2) The y/y return to profitability was driven largely by a reduction in SG&A, specifically marketing expenses. The company is doing fewer trade shows, etc.
3) 2010 revenue of $110m represents 4% y/y growth from $105m, a pretty weak bounce back considering revenue collapsed from $156m back in 2007.
You look at the industry they're in- mature and competitive- and you look at their performance and its tough for me to understand why anyone would be bullish. With margins so narrow they are extremely vulnerable to declining sales. And I think that the baseline assumption for revenue in the next several years should be flat/modestly down given their weak bounce back from the recession thus far.
I guess I'm skeptical of "new product" driven growth in such a mature industry.
Do any informed bulls want to fill me in on what I'm missing? Thanks in advance.
Basically, yours is the "glass is half empty" (or totally empty) perspective. The glass is half full perspective would see this as a company that is increasingly "burnishing" its brand name, and corporate reputation as a consumer electronics (and "hip" and higher end consumer electronics) company. Distribution in Apple stores of COBR product is a whole new ballgame, and whole new visibility. Product awards from Mac and other magazine. Trade Show awards.
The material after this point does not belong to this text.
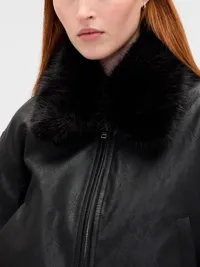 Vegan Leather Bomber Jacket - Black — view 4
I guess that could amount to nothing, but personally, I think there is an increasing chance that our company becomes viewed as a potential "platform" for growth for another, much deeper pocketed entity. Is it more attractive at $4.15 now than $1, a few years ago. Probably not, but not out of the question, considering the increased visibility on the Street we have, the return to profitability, and the potential operating leverage IF any of the new products achieve success.
And I still ask whether controlling roughly 2/3 of both the CB market, and the radar detector market, in the U.S., is something to sneeze at...or otherwise justifies only a $25+ million market cap.